▶ _HOW TO COMPLETE THIS TASK_: A faithful transcription of all the data, images excluded, is the required answer.
*** Opening of ENTRIES SUPPLIED ***
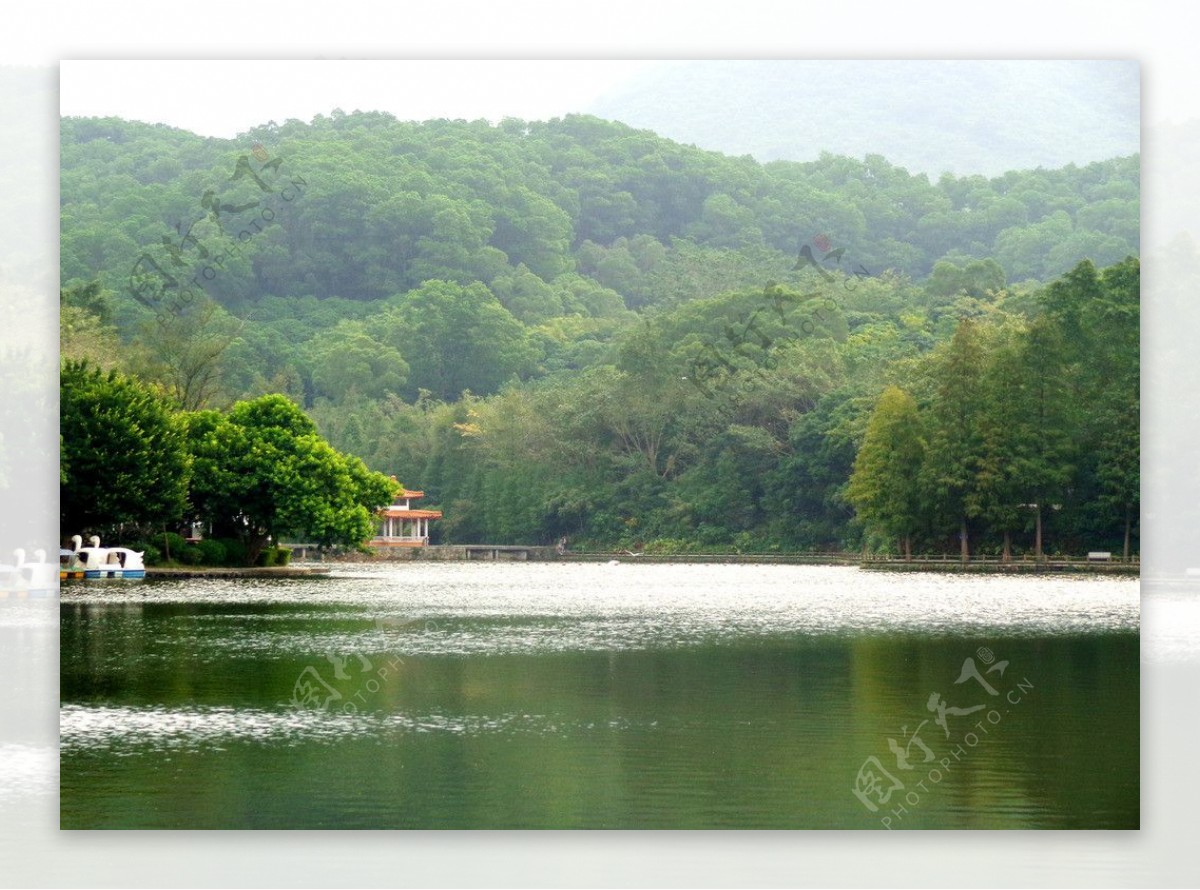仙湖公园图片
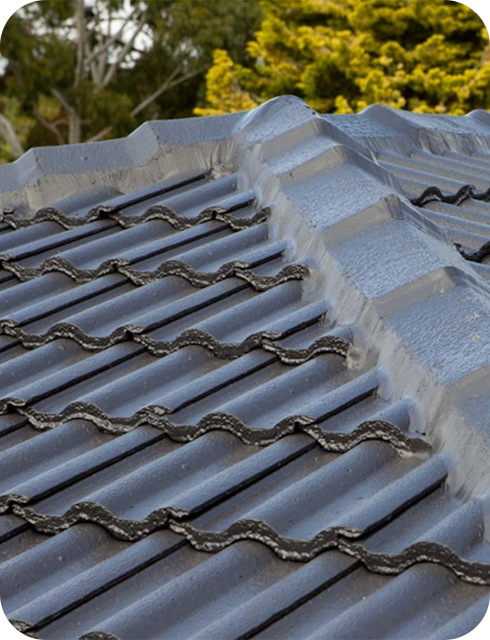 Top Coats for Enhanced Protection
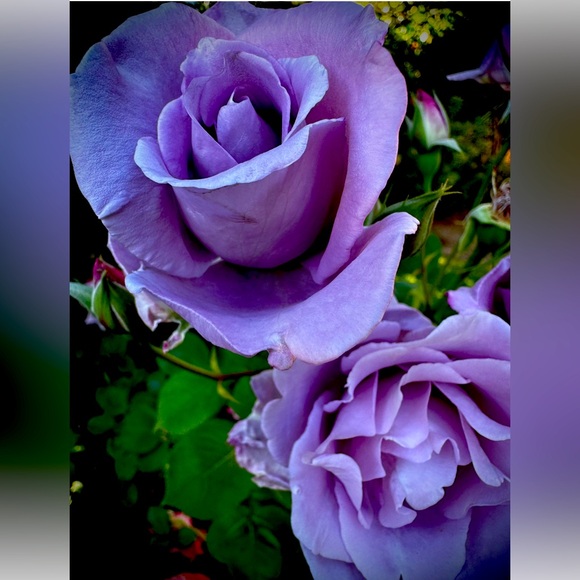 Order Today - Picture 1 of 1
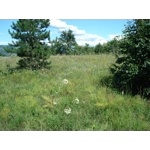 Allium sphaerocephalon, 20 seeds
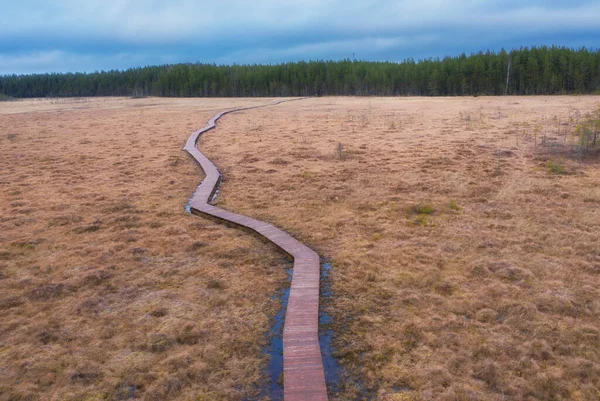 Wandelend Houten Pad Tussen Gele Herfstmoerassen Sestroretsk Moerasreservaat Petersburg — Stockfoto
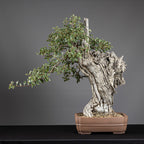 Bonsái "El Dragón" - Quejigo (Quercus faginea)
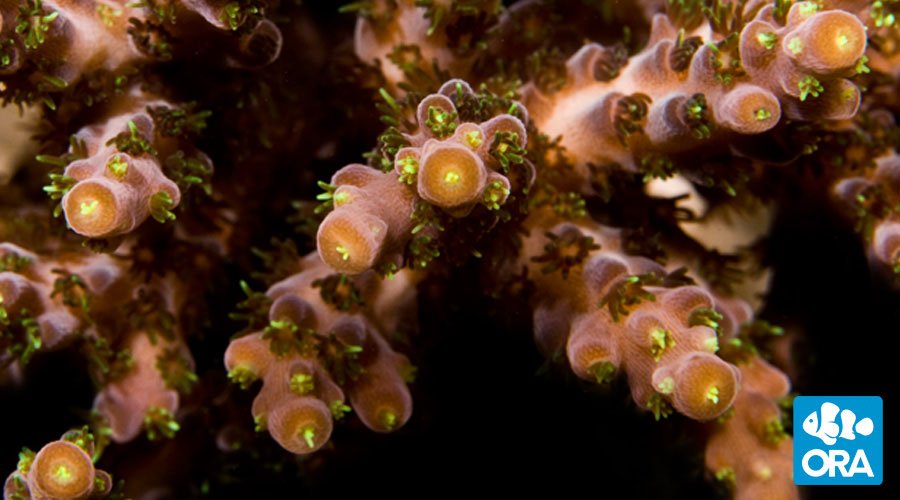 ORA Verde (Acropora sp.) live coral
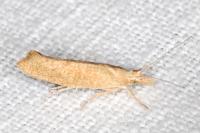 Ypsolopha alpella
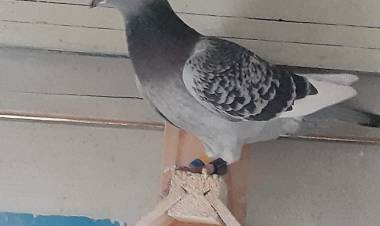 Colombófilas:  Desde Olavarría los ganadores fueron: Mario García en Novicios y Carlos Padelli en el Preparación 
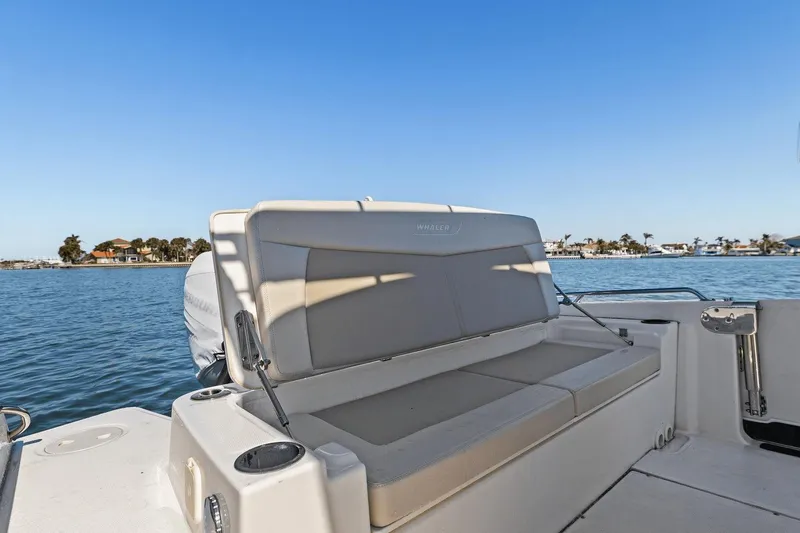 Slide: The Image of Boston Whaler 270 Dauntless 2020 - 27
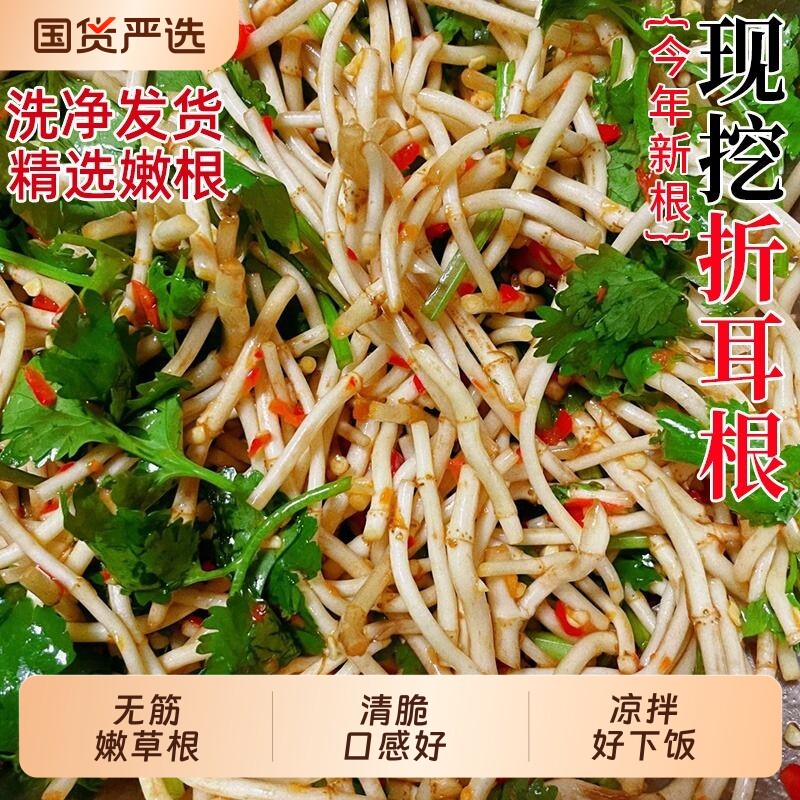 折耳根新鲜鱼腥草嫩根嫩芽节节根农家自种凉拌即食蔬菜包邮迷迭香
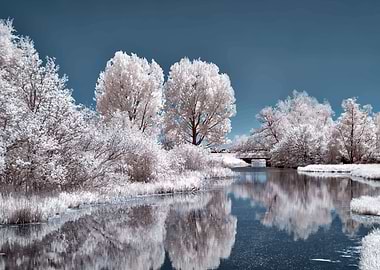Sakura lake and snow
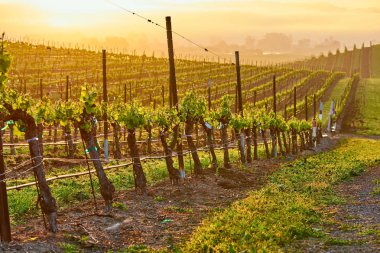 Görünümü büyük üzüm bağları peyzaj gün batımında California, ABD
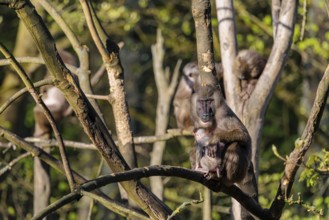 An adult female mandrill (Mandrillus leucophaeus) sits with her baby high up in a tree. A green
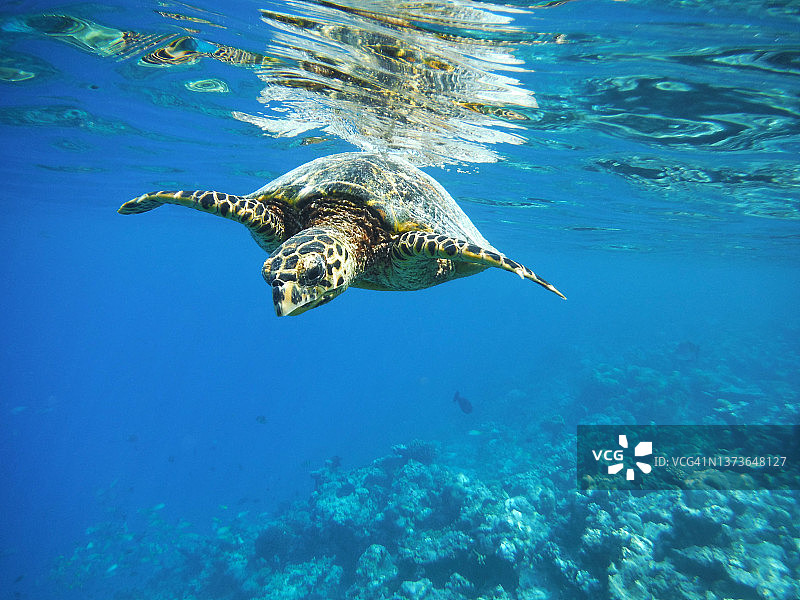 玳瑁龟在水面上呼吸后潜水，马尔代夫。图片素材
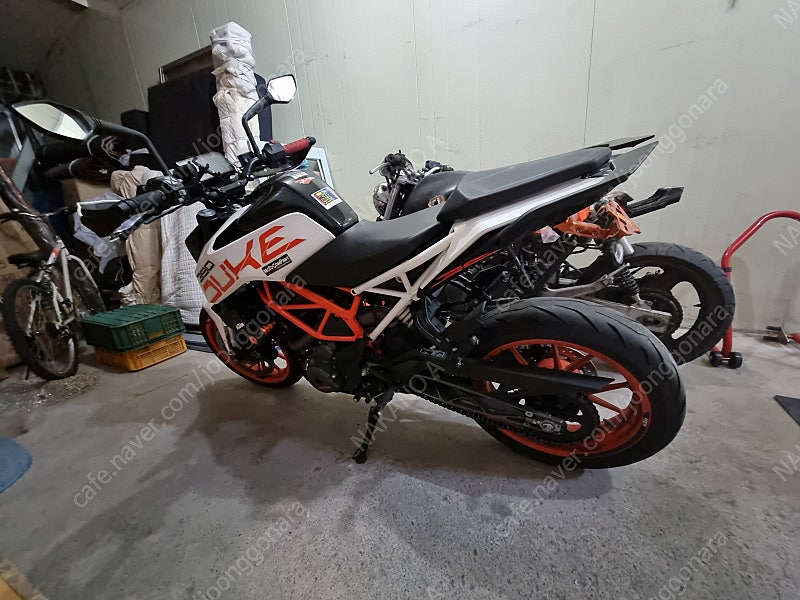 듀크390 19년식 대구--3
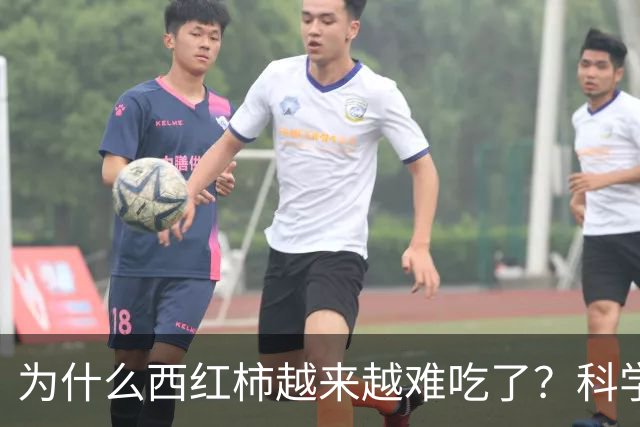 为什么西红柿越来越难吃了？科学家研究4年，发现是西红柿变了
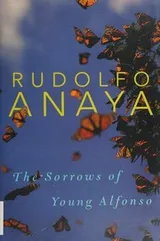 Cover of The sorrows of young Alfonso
*** Close of ENTRIES SUPPLIED ***
▶ _EXPECTED ANSWER_:
仙湖公园图片
 Top Coats for Enhanced Protection
 Order Today - Picture 1 of 1
 Allium sphaerocephalon, 20 seeds
 Wandelend Houten Pad Tussen Gele Herfstmoerassen Sestroretsk Moerasreservaat Petersburg — Stockfoto
 Bonsái "El Dragón" - Quejigo (Quercus faginea)
 ORA Verde (Acropora sp.) live coral
 Ypsolopha alpella
 Colombófilas:  Desde Olavarría los ganadores fueron: Mario García en Novicios y Carlos Padelli en el Preparación 
 Slide: The Image of Boston Whaler 270 Dauntless 2020 - 27
 折耳根新鲜鱼腥草嫩根嫩芽节节根农家自种凉拌即食蔬菜包邮迷迭香
Sakura lake and snow
 Görünümü büyük üzüm bağları peyzaj gün batımında California, ABD
 An adult female mandrill (Mandrillus leucophaeus) sits with her baby high up in a tree. A green
 玳瑁龟在水面上呼吸后潜水，马尔代夫。图片素材
 듀크390 19년식 대구--3
 为什么西红柿越来越难吃了？科学家研究4年，发现是西红柿变了
 Cover of The sorrows of young Alfonso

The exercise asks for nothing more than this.